### Exercise instructions
Output only the lines of the entries that follow, starting at the one with "Hercules DS533BB Soporte" and running down to the one with "Autogramm johannes heesters", both included and unchanged.

### Scraped caption text data

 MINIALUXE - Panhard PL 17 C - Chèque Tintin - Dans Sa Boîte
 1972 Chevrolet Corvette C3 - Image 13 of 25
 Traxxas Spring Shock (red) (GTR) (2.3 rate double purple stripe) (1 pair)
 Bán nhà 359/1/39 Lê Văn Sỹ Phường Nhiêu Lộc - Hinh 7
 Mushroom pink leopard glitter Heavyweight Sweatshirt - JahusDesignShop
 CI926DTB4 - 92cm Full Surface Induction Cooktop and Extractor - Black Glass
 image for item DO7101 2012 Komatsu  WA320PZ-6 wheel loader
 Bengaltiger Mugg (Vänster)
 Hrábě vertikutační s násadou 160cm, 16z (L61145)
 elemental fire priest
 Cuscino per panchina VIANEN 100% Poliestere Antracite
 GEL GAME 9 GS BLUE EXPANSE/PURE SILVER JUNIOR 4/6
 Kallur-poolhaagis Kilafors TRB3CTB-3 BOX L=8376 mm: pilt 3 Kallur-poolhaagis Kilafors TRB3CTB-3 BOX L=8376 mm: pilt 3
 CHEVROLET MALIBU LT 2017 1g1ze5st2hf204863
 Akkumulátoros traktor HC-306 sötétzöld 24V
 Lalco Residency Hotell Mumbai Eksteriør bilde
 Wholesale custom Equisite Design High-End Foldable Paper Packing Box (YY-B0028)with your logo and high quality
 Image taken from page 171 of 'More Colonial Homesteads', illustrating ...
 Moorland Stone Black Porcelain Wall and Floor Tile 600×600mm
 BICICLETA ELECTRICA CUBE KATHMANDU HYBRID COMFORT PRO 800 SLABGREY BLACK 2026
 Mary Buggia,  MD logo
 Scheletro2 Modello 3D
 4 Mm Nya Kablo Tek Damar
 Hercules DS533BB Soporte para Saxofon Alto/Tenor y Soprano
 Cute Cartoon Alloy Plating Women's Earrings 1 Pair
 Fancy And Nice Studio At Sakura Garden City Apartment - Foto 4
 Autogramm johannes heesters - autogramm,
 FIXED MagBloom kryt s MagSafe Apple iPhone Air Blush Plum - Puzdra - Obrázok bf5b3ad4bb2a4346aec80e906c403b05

### Task answer
 Hercules DS533BB Soporte para Saxofon Alto/Tenor y Soprano
 Cute Cartoon Alloy Plating Women's Earrings 1 Pair
 Fancy And Nice Studio At Sakura Garden City Apartment - Foto 4
 Autogramm johannes heesters - autogramm,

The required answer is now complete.